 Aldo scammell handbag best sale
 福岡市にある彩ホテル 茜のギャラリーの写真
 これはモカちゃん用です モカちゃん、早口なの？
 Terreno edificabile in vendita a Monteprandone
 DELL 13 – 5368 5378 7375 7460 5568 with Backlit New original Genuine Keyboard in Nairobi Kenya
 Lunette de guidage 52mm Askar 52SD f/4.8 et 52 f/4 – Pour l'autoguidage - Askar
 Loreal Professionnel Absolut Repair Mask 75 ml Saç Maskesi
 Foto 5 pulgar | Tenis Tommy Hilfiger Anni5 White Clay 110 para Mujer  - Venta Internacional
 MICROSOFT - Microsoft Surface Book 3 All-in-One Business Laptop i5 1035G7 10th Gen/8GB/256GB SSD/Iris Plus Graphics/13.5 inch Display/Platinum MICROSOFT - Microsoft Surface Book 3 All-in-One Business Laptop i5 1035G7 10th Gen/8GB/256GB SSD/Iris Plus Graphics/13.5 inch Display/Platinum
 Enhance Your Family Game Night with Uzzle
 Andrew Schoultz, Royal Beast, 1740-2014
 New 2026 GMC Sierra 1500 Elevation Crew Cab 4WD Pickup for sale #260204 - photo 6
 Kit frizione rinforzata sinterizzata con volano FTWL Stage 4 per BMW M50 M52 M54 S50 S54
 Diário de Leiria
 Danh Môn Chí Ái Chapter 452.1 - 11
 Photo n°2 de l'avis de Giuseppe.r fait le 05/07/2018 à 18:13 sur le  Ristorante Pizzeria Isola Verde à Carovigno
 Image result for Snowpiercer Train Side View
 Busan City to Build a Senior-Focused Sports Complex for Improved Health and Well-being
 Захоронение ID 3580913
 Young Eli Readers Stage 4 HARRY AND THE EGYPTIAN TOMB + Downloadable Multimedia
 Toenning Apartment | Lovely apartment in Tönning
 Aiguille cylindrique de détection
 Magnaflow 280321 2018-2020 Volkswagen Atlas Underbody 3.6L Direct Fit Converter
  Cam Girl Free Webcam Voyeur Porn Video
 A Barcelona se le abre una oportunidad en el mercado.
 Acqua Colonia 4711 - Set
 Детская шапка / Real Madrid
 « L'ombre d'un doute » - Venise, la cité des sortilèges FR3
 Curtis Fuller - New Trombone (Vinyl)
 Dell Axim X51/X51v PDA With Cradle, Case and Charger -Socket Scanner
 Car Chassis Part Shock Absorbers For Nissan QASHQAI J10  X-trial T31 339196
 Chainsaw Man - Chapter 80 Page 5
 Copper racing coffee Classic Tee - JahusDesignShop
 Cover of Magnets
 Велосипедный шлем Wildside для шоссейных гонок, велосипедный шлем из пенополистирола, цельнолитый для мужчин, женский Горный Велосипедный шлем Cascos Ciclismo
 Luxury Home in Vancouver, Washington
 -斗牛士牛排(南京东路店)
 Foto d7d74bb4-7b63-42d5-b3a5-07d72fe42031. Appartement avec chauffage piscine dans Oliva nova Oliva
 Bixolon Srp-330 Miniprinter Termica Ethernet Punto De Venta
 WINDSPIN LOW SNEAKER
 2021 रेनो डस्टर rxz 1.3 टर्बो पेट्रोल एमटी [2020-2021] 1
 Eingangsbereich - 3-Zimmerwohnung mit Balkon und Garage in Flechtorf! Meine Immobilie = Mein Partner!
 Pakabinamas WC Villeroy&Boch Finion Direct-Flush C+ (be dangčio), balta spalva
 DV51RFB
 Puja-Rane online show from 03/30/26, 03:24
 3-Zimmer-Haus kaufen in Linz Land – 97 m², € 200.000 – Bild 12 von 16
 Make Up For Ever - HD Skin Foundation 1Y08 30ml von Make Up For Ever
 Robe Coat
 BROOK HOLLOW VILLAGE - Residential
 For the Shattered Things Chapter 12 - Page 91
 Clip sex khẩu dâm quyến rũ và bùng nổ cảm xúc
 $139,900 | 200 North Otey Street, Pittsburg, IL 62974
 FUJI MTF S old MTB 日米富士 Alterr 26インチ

- What to work on
Everything from the line with "Захоронение ID 3580913" through the line with "Aiguille cylindrique de détection" should be written out exactly as it appears above, end lines included, and nothing outside that range.

- Answer for the task
 Захоронение ID 3580913
 Young Eli Readers Stage 4 HARRY AND THE EGYPTIAN TOMB + Downloadable Multimedia
 Toenning Apartment | Lovely apartment in Tönning
 Aiguille cylindrique de détection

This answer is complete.